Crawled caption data
══════════════════════════════

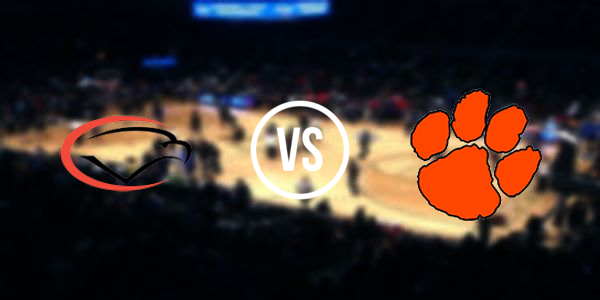 Central York vs Cumberland Valley High School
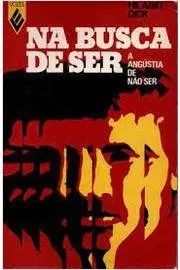 Kit c/ 05 livros de desenvolvimento pessoal. - Foto 5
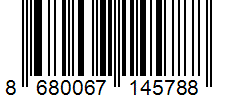 Barcode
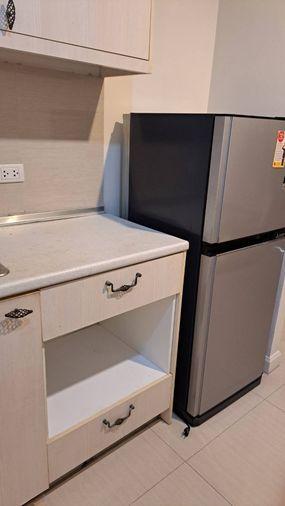 picture 🏢 Condo for Rent: Manor Sanambinnam   Property Code | LNP-C14117  - 4/13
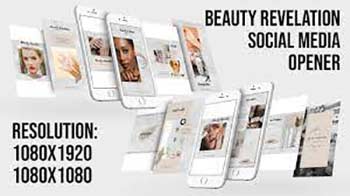 12 Beauty Revelation Social Media Opener-968991
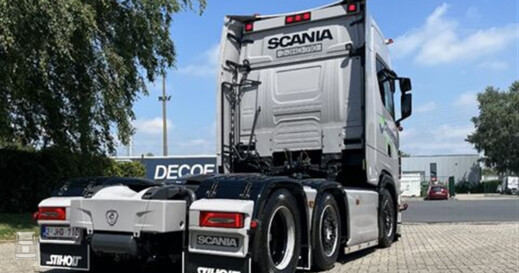BIGtruck Oevertrans 3 (960 x 1280)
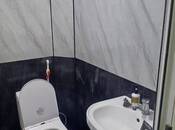 Satılır 2 otaqlı köhnə tikili 50 m², İnşaatçılar m., photo 4 from 8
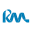 roberts-mart.co.uk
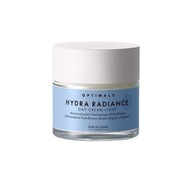 Oriflame Krem pod oczy Optimals Hydra Radiance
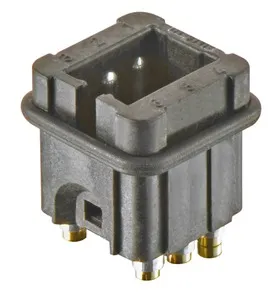 Harting 09 70 006 2616 Pic_1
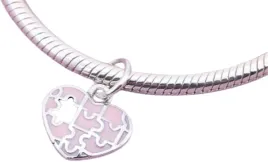 charms-srebrne-serce-z-rozowym-srodkiem-puzzle-srebro-925-gratis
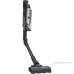 Пылесос вертикальный HAIER C6 Aqua (SC6A1S)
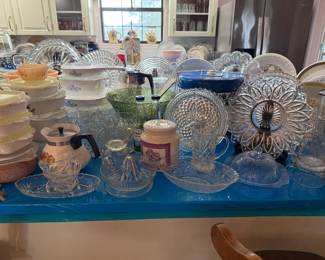 CORNING WARE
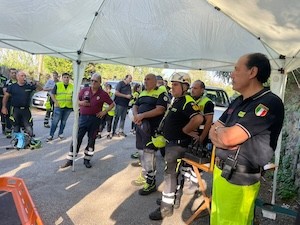 esercitazione-protezione-civile-81023-2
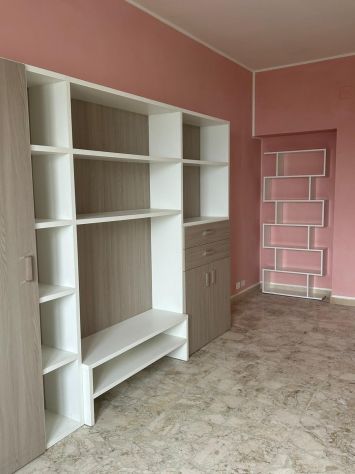 appartamento in affitto a Recanati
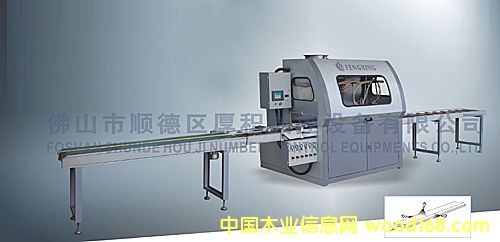 ȫ�ԄӔ�(sh��)�؇���C��ľ���l�ԄӇ���C��Ԕ����B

══════════════════════════════

**Activity:** Emit the lines of the data above from the one containing "appartamento in affitto a Recanati" through its final line, both endpoints included. Pictures do not belong in the output.

**Reply to the exercise:**
 appartamento in affitto a Recanati
 ȫ�ԄӔ�(sh��)�؇���C��ľ���l�ԄӇ���C��Ԕ����B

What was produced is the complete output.